Fintraffic’s development project, which focuses on data transmission between traffic lights and vehicles, is currently analysing first phase traffic light equipment testing to verify that the technical systems and operating principles of the various traffic lights support European-wide standards. The first pilots between traffic lights and cars will already be tested in the coming summer.
“We have been testing traffic light operation and data transmission with European-wide standards determined by C-Roads (ETSI and ISO) together with the City of Tampere and our partners Swarco Finland and Normivalaistus over the last few months. The results have been encouraging and it seems likely that we can largely utilise the existing equipment stock. The next step is to pilot interaction between traffic lights and cars in the summer in different junctions and end-user applications,” continues Olli Rossi.

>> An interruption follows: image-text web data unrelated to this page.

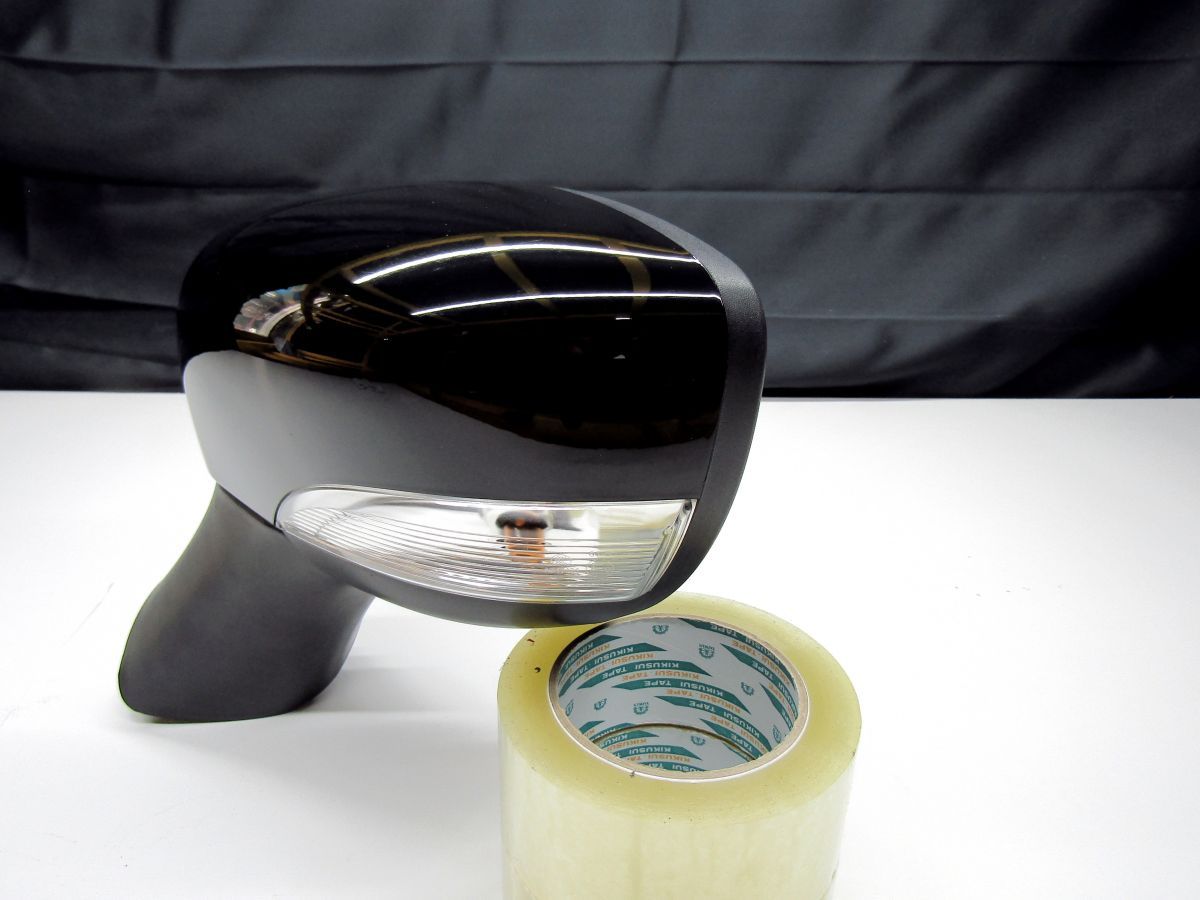 ルノー RM5M ルーテシア 純正 左 ドアミラー 8P 右ハンドル車 赤 NNP MR580304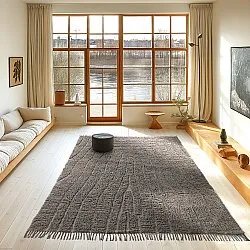 Koberce s dlhým vlasom - Farley Natural Cotton Shaggy (taupe)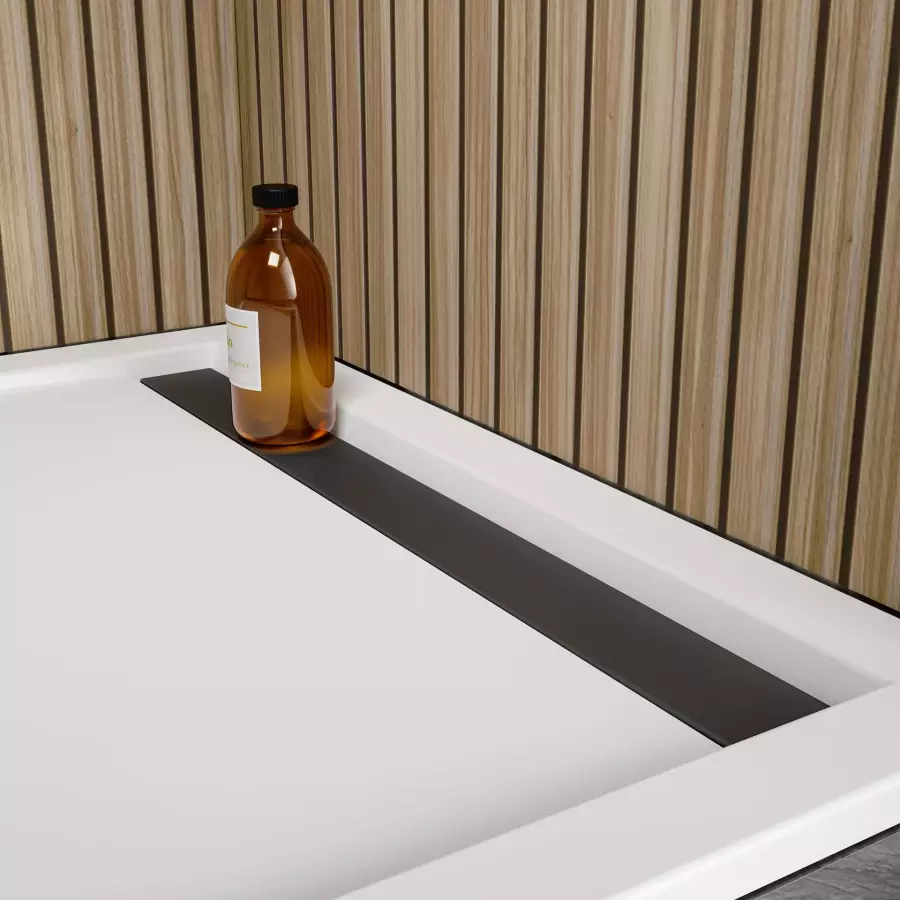 HSK quadrat Acryl-Duschwanne „superflach“ mit schmaler Ablaufrinne 90 × 90 cm ohne HSK quadrat Acryl-Duschwanne „superflach“ mit schmaler Ablaufrinne 90 × 90 cm ohne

Fintraffic's development project focusing on data transfer between traffic lights and vehicles is part of the Nordic Way3 project complex, which is a 5-year EU-supported Nordic project promoting road traffic automation. The aim of the project is to develop smart, cross-border transport logistics solutions and especially C-ITS solutions (Cooperative Intelligent Transport Systems) suitable for urban environments in Nordic conditions. The Nordic Way3 project is linked to the EU Commission’s strategy where networked vehicles, the driver’s ability to anticipate and accurate and even faster information exchange increase safety. From Finland, the project parties are Fintraffic, the leader of the project Traficom, the Finnish Transport Infrastructure Agency, and the cities of Helsinki, Tampere and Vantaa.
The development of cooperative intelligent transport systems is part of Fintraffic's developing traffic strategy, where Finland aims for the smoothest, safest and most environmentally friendly traffic in the world. Road traffic cooperative service (C-ITS service) is a service in which a networked or interacting vehicle is wirelessly connected to other vehicles, infrastructure or other environment. The services automatically warn of a dangerous situation or condition, such as an obstacle on the road or a slippery roadway. The service can also provide information the purpose of which is to improve the flow of traffic and facilitate mobility.